── DATA UNDER STUDY
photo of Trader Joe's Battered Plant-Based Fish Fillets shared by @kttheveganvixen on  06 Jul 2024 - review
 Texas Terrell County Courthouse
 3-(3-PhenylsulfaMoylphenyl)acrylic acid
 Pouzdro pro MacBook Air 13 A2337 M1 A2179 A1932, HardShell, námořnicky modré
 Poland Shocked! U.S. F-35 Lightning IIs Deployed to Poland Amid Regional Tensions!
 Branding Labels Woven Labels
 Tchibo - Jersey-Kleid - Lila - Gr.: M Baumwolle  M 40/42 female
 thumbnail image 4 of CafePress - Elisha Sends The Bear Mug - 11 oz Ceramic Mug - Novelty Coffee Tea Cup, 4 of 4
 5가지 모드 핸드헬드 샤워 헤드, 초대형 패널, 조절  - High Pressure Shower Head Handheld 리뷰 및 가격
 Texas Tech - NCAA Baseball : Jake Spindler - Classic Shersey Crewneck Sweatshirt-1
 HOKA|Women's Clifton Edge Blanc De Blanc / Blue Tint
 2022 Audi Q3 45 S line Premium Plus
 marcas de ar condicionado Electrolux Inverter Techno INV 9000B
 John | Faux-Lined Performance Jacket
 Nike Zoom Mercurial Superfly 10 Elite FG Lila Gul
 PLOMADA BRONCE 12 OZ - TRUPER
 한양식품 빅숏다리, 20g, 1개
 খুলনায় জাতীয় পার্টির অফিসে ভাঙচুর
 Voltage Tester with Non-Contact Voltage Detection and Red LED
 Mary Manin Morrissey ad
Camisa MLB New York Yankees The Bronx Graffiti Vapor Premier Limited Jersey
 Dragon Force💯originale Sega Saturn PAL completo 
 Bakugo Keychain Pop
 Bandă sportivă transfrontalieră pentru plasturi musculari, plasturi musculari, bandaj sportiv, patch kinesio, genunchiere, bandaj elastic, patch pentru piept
────
▶ [EXERCISE OBJECTIVE]: Restate the records word for word, leaving nothing out.

▶ [TASK RESULT]:
photo of Trader Joe's Battered Plant-Based Fish Fillets shared by @kttheveganvixen on  06 Jul 2024 - review
 Texas Terrell County Courthouse
 3-(3-PhenylsulfaMoylphenyl)acrylic acid
 Pouzdro pro MacBook Air 13 A2337 M1 A2179 A1932, HardShell, námořnicky modré
 Poland Shocked! U.S. F-35 Lightning IIs Deployed to Poland Amid Regional Tensions!
 Branding Labels Woven Labels
 Tchibo - Jersey-Kleid - Lila - Gr.: M Baumwolle  M 40/42 female
 thumbnail image 4 of CafePress - Elisha Sends The Bear Mug - 11 oz Ceramic Mug - Novelty Coffee Tea Cup, 4 of 4
 5가지 모드 핸드헬드 샤워 헤드, 초대형 패널, 조절  - High Pressure Shower Head Handheld 리뷰 및 가격
 Texas Tech - NCAA Baseball : Jake Spindler - Classic Shersey Crewneck Sweatshirt-1
 HOKA|Women's Clifton Edge Blanc De Blanc / Blue Tint
 2022 Audi Q3 45 S line Premium Plus
 marcas de ar condicionado Electrolux Inverter Techno INV 9000B
 John | Faux-Lined Performance Jacket
 Nike Zoom Mercurial Superfly 10 Elite FG Lila Gul
 PLOMADA BRONCE 12 OZ - TRUPER
 한양식품 빅숏다리, 20g, 1개
 খুলনায় জাতীয় পার্টির অফিসে ভাঙচুর
 Voltage Tester with Non-Contact Voltage Detection and Red LED
 Mary Manin Morrissey ad
Camisa MLB New York Yankees The Bronx Graffiti Vapor Premier Limited Jersey
 Dragon Force💯originale Sega Saturn PAL completo 
 Bakugo Keychain Pop
 Bandă sportivă transfrontalieră pentru plasturi musculari, plasturi musculari, bandaj sportiv, patch kinesio, genunchiere, bandaj elastic, patch pentru piept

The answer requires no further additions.